HOW TO COMPLETE THIS TASK:
Reproduce the whole listing word for word. Leave every image out.

DATASET CONTENT:
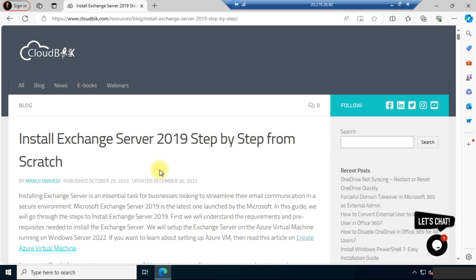Hello friends, welcome to the Cloud Week YouTube channel. My name is Manoj and today we will learn how to install Exchange Server 2019 step by step.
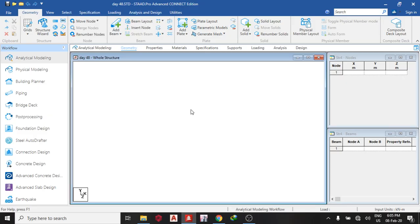Good day guys, welcome to day 48th lesson on Star Pro Connected Edition. Today we shall learn how to design a crane gantry and we are going to use moving load on it.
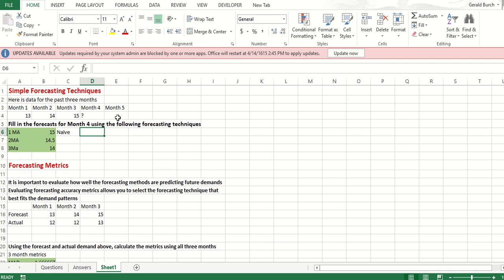Some companies may use a six-month moving average or a one-year moving average. But you get the idea. That's what's going on here, and hopefully moving averages make sense to you now.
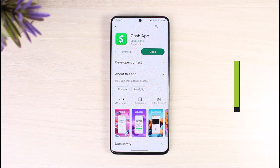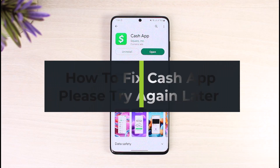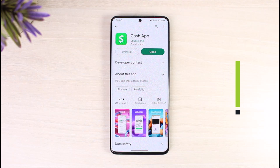How to fix Cash App 'Please Try Again Later' error. Hi everyone, welcome back to our channel, The Solution Guy. In today's video I will guide you on how you can fix the Cash App 'Please Try Again Later' error.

ANSWER TO THIS EXERCISE:
Hello friends, welcome to the Cloud Week YouTube channel. My name is Manoj and today we will learn how to install Exchange Server 2019 step by step.
Good day guys, welcome to day 48th lesson on Star Pro Connected Edition. Today we shall learn how to design a crane gantry and we are going to use moving load on it.
Some companies may use a six-month moving average or a one-year moving average. But you get the idea. That's what's going on here, and hopefully moving averages make sense to you now.
How to fix Cash App 'Please Try Again Later' error. Hi everyone, welcome back to our channel, The Solution Guy. In today's video I will guide you on how you can fix the Cash App 'Please Try Again Later' error.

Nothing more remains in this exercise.